Accordingly, "Two Paintings" lingers in aching, excruciating detail on Elverum's memories of Castrée and of the aftermath of her death, as a grieving husband with a motherless daughter tries desperately "to reassemble a poor substitute version of you / made of the fragments and drawings that you left behind." He does in part by evoking Astrup, the Norwegian painter of landscapes and rural life who died in 1928 at the age of 47 and whose work adorned the home of Elverum and Castrée.
Now Only is a work of grief that transcends grief, that grapples with the vacuum left by loss while embracing loss as a cosmic constant. In its own way, so did Mount Eerie's previous album, A Crow Looked At Me, released last year and written immediately after Castrée's death. But where A Crow Looked At Me dealt with the shattering of an existence, Now Only confronts how, when, and why one might carry on.
Crow's eleven songs were of conventional length, but Now Only comprises six sprawling tracks, ranging from just under five minutes to more than double that, performed mostly on acoustic guitar, augmented with smatterings of piano and electrics. Their breadth makes for an overwhelming listen; "Two Paintings" is nearly ten minutes long, Elverum's shadowy guitar strummed both frantically and listlessly, as if driven only by heart and muscle memories.
Even longer is "Distortion," a song that, as its name suggests, features heavily distorted guitar and glacial chords that hover menacingly. As gentler acoustic sounds begin to surface, Elverum delivers a sing-song travelogue of his youthful hopes and fears in the wake of Sept. 11, 2001, all filtered through his sieve of bereavement, with frequent spirals into existential contemplation: "Though my life is a galaxy of subtleties," he sings, tender and chilling, "my complex intentions and aspirations do not matter at all / In the face of the crushing flow of actual time."

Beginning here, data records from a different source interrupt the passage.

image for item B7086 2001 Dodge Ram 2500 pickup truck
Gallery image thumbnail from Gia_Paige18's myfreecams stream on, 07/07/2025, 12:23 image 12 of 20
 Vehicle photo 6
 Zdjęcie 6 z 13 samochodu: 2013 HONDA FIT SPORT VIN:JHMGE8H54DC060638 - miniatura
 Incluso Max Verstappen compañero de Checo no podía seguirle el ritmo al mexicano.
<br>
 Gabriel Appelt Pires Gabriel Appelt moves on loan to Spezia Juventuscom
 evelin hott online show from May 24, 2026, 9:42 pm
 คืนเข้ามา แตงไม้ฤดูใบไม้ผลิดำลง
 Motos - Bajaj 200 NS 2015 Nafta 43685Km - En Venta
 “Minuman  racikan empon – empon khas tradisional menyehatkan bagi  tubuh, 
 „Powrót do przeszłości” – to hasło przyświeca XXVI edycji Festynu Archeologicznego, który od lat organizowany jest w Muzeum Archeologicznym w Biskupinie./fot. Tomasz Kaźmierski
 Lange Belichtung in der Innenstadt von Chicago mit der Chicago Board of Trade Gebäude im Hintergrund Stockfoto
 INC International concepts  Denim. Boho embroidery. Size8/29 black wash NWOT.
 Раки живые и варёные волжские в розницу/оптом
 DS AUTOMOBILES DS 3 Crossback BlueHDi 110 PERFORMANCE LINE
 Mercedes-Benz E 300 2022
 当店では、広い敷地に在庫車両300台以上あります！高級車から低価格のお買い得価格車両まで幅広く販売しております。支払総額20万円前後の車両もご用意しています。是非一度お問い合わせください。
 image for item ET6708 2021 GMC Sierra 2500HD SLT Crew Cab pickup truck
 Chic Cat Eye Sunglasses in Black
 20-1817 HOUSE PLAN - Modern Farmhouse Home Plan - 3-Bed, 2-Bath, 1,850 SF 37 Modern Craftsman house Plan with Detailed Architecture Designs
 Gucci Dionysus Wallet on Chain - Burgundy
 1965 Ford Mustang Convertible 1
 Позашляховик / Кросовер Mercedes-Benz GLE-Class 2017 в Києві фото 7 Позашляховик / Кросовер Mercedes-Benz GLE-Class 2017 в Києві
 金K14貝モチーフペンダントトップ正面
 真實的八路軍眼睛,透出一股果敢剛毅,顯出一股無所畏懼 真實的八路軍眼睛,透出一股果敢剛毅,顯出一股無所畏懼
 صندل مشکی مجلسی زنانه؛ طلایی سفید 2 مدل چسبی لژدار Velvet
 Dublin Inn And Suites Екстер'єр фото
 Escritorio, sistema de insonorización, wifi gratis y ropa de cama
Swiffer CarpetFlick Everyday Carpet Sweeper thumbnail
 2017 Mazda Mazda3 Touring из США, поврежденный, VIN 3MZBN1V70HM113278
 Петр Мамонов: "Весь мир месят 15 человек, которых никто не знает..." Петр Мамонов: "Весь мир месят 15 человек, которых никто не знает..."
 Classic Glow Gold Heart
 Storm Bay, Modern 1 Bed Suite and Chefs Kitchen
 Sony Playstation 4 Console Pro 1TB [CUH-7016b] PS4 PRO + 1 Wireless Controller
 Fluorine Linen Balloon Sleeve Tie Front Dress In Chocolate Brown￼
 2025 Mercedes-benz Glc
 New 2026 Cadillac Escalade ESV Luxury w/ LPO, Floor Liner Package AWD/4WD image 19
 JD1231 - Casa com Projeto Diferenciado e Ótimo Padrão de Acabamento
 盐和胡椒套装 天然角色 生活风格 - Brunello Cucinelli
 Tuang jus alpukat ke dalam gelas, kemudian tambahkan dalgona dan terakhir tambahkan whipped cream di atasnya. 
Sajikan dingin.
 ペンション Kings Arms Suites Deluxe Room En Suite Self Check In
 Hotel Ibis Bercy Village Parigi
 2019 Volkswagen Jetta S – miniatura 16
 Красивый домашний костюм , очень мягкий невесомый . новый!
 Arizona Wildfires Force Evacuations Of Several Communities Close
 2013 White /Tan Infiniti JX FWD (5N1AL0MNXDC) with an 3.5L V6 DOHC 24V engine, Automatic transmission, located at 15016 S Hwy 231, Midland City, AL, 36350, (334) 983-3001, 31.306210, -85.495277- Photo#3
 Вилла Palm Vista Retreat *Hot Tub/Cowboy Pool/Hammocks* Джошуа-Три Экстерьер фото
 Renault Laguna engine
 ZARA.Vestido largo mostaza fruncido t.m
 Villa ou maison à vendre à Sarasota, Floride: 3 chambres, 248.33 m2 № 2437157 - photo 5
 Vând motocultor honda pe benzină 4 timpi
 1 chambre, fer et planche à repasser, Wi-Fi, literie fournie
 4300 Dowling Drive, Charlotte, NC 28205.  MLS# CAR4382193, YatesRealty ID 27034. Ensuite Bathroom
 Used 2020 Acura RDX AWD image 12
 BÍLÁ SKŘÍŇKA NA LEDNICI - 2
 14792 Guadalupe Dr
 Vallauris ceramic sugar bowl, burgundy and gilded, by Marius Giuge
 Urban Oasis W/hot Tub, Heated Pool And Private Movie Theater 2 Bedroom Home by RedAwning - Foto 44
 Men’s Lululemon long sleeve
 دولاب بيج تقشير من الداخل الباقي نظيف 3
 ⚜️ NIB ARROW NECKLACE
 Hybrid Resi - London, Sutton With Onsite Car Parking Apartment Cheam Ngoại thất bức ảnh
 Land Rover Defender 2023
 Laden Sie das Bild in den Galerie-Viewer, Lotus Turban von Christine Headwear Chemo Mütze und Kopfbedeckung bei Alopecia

Actual time plays tricks and swirls like liquid throughout Now Only. On "Tintin In Tibet," the calendar is an unreliable timekeeper that flips back and forth between his current state of emptiness and the overflowing moments when he and Castrée fell in love. His imagery is prosaic and profound: "In the morning, barely awake, I saw you standing right above me / peeling and orange and looking hungry," he recalls of their first morning together, cherishing the bittersweetness of it. As the years flicker by, they circle back on themselves, a vortex from which Elverum can't seem to escape, if he even wants to.
"Earth" holds an even deeper gravity. The song leaves gaping holes in itself, littered with blank spaces and frozen notes, with Elverum unable to distinguish the present from the past. When he sings of seeing chunks of bone on the ground where he once scattered the cremated remains of his wife — "Is that exact fragment your finger that once caressed me?" — he rephrases the platitude "ashes to ashes, dust to dust" as something far more visceral and horrifically vivid.
Where A Crow Looked At Me ended with the hushed, elegiac track "Crow," Now Only ends with its sequel, "Crow Pt. 2." It's more energetic than its predecessor, even while retaining the first song's darkness and dreamy symbolism. "We were skeletally intertwined once," he sings, "but now I notice ravens instead / I don't see you anywhere."
Yet throughout Now Only, Elverum sees Castrée everywhere: in their front yard, on a ferry in Victoria, among big trees, gasping for breath on her deathbed, in the face of "this good daughter we made." On "Two Paintings," Elverum wonders, "Now after the ground has opened up, now after you died / I wonder what could beacon me forward into the rest of life." Now Only offers just a partial answer to that question. But it's enough.